Si bien mi purismo gastronómico me hizo preparar este plato solo a la hora de almuerzo, no faltó más de una oportunidad en la cual tuve que ceder a la presión de prepararlo en la noche, versión más bien turística digamos, de un plato netamente diurno. Nuevamente cerveza en mano, los observo calladamente aunque esbozando una sonrisa y entiendo una vez más que he cumplido la misión a cabalidad.
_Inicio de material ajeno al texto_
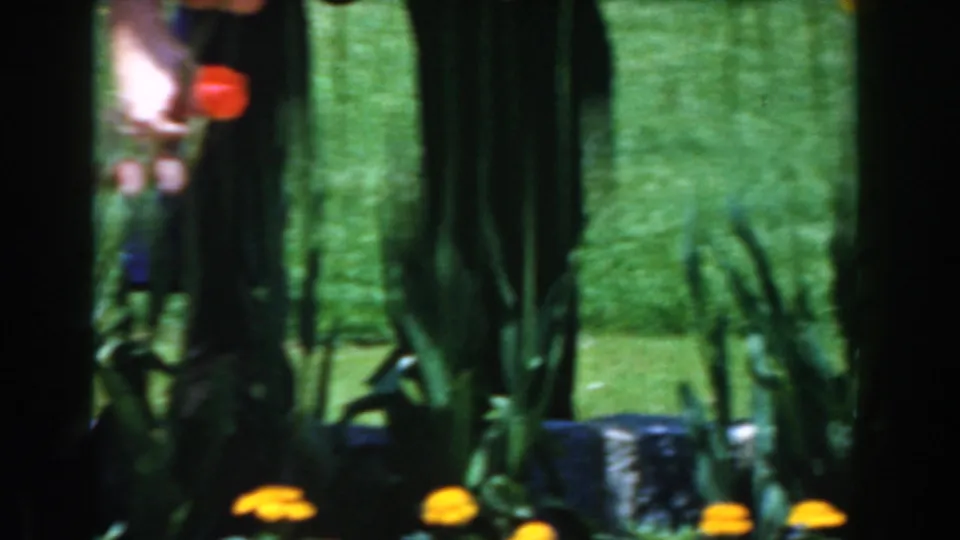 Soft 8mm footage shows tall tulip stems, yellow flowers, and the man's dark clothing in the Novi garden.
Hoy más que nunca puedo decir que esta receta no es mía pero que la nostalgia sí es de todos. El ceviche no es precisamente un plato que podríamos llamar peruano en la medida en que se prepara en toda la costa pacífica y hasta en el sur de Filipinas. Recuerdo que en aquellos tiempos crueles, allá por el 2009 mientras investigaba la muerte de treinta y tantos periodistas en Maguindanao, fuimos evacuados una de tantas veces a General Santos o Gensan, al sur de Mindanao, puerto de pesca de atún, a comer " kinilau ", un "ceviche " donde se usa vinagre en vez de limón para cocer el pescado. Me recuerdo sentado junto con Chris, mi compañero en esa aventura, un ex paracaidista británico que había visto y probado todo, menos claro está, ese plato, en un restaurante mirando al mar y pensando que pese a lo monstruoso de nuestro trabajo (estábamos investigando la mayor matanza de periodistas, por la cual hasta el momento nadie ha sido condenado), existía la posibilidad de transportarse a otro lugar, más lejano y no necesariamente más seguro; en ese momento también me sentía cerca de casa.

La comida me acompañó a cada rincón donde estuve y siempre logré crear apropiarme de cada rincón a través de la comida.

Me voy con deudas, con comidas a medio hacer o no hechas; dejo a mi amiga Rocío con la nostalgia de no haber recibido un plato como ofrenda; dejo a quienes sí probaron algo que hice pero quisieran más, dejo a quienes se preguntan por qué me voy y si es que volveré. Me voy como llegué, con la curiosidad de saber hasta dónde llegaría, con la duda de saber si podría hacerlo, con el sentimiento de no querer irme. No crean que es fácil despedirme, no vayan a creer que todo está perdido o que la intimidad de estos siete platos sellan un destino reducido a una semana en nuestras vidas. Quiero decirles que me voy pero volveré y si no lo hago, recuerden cada aventura en la que me acompañaron.

Amigos, disfruten este plato, recuerden mi compañía entre risas y lágrimas; piensen ahora sí, en la frescura que solo dan los seres queridos, la tierra de uno, el sol en la piel, porque al final, somos de todas partes.